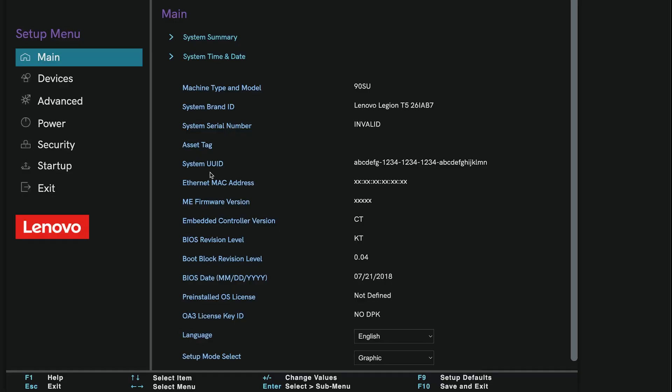If your system is password protected, go ahead and enter it. If you don't have one set, just press Enter to continue. Now that you're in BIOS, things might look different depending on your motherboard manufacturer, so don't worry if the layout isn't exactly like mine.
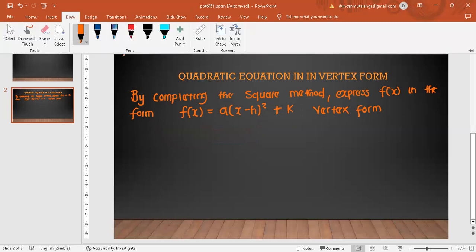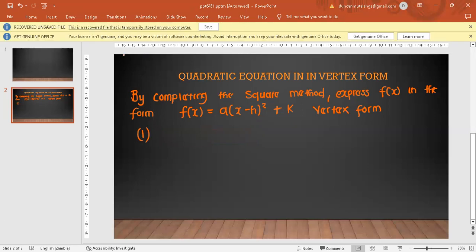We're going to do three examples. For the first one, we'll pick f(x) = x² - 6x - 7. By completing the square method, we know that 'a' is the coefficient of x², which here is 1. All we need to do is find h and k.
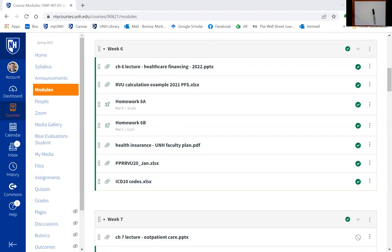Alright, we'll get started. The slides for today are in week six — I just uploaded them about an hour ago. You'll also want to download the RVU calculation example, the 2021 PFS file. You'll need that to do homework 6B, and I'm going to go over that today.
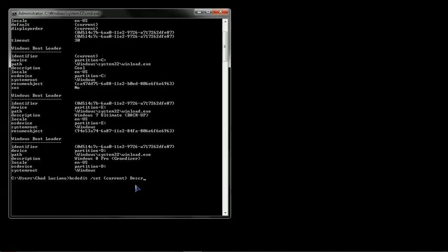space, description, and then the new name that we want. So we wanted Windows 7 Ultimate, and we wanted Grandizer.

### Action item
Beginning with the line containing "We're going to" and ending with the last line of the material, output each line exactly; do not include pictures.

### Exercise solution
We're going to do three examples. For the first one, we'll pick f(x) = x² - 6x - 7. By completing the square method, we know that 'a' is the coefficient of x², which here is 1. All we need to do is find h and k.
Alright, we'll get started. The slides for today are in week six — I just uploaded them about an hour ago. You'll also want to download the RVU calculation example, the 2021 PFS file. You'll need that to do homework 6B, and I'm going to go over that today.
space, description, and then the new name that we want. So we wanted Windows 7 Ultimate, and we wanted Grandizer.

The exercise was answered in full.